I searched and found that this means the graph is asymmetric and there is an example: the Frucht graph. But can someone show me how to prove this property? If you have a link please just post it here. Thanks.
$\endgroup$ 25 Answers
$\begingroup$Draw the Frucht graph as
Let $U$ be the set of vertices that are fixed under every automorphism.
There is only one 4-cycle $(9-10-11-12)$, so any automorphism maps that to itself. There is only one 5-cycle $(8-9-12-11-10)$ that contains the vertices in that 4-cycle. So $8 \in U$ (since $8$ is the only member of that 5-cycle that is not in the 4-cycle).

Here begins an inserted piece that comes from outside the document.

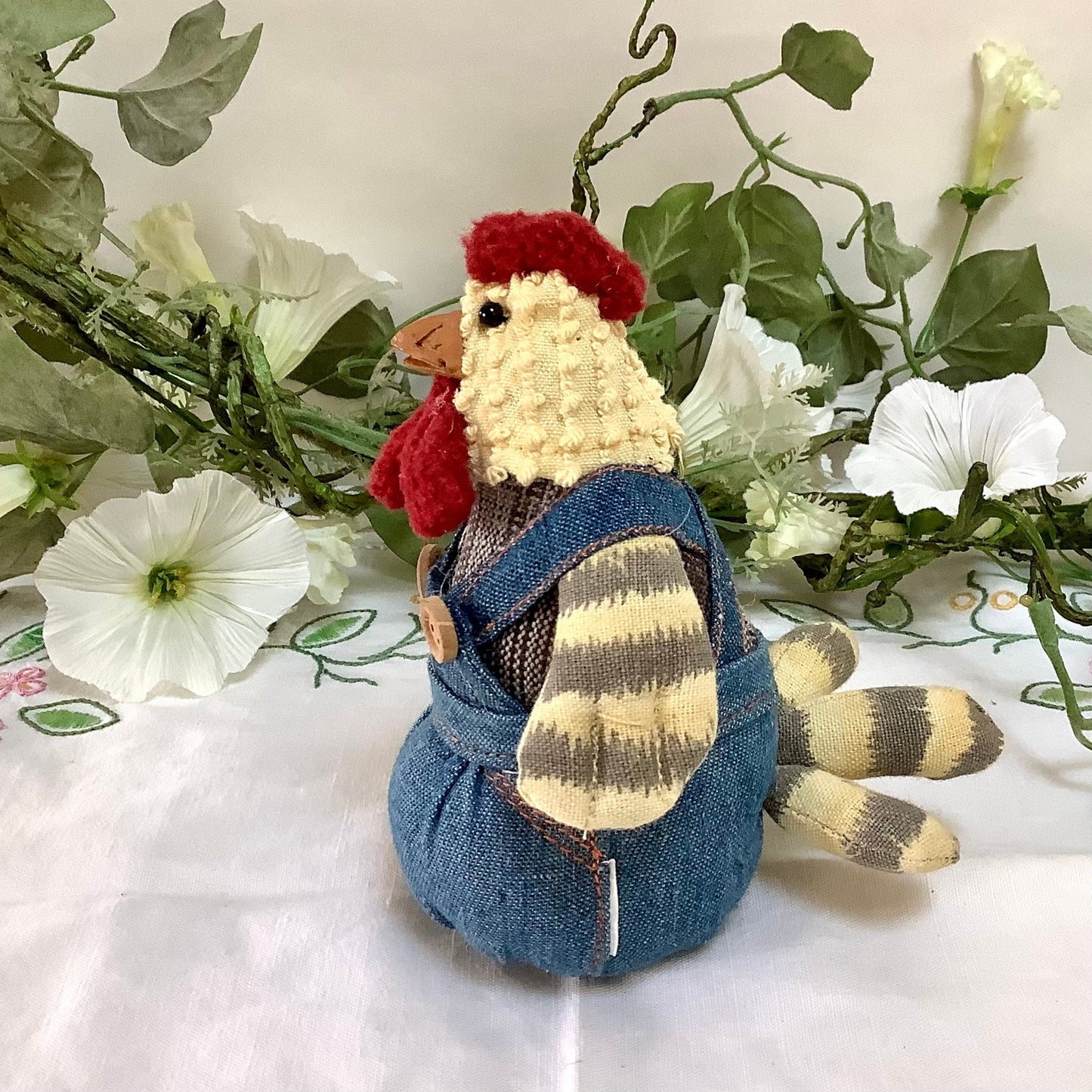 Petit coq a poser avec salopette vintage ht 12 cm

$7 \in U$ (the only vertex that is a neighbour of $8$ and is not in the 4-cycle).
$2 \in U$ (the only vertex at distance 4 from $8$).
$3 \in U$ (the only vertex at distance 3 from $7$ and also at distance 3 from $8$).
$4 \in U$ (the only other member of a triangle containing $2$ and $3$).
$5 \in U$ (the only vertex adjacent to $4$ and $7$).
$6 \in U$ (the only other member of a triangle containing $5$ and $7$).
... etc.
$\endgroup$ 6 $\begingroup$Start with the idea to make a highly symmetric cubic graph that has one vertex $v$, that is so special that it necessarily must be a fixed point of any automorphism, then make minor changes that do not affect the exceptional position of $v$ but that break all symmetries.
For a concrete case I started with the special property: $v$ is the center of the graph: it is the unique vertex realizing the radius of the graph. Now draw the following graph: $v$ is in the center, its neighbours are $0,1,2$, labeled counterclockwise. Now grow 2 more 'generations': draw two neighbours of $0$, further outwards, label them $00$ and $01$ counterclockwise, ditto for $1$ and $2$, and for the third generation draw two neighbours of $00$, further outwards, label them $000$ and $001$and ditto for the 5 other second generation vertices. Now you have drawn a nice symmetric tree where each internal node has degree 3. Finally connect the leaves counterclockwise: $000$ with $001$, $001$ with $010$ etc. We now have a highly symmetric cubic graph with 22 vertices $(1+3+6+12)$.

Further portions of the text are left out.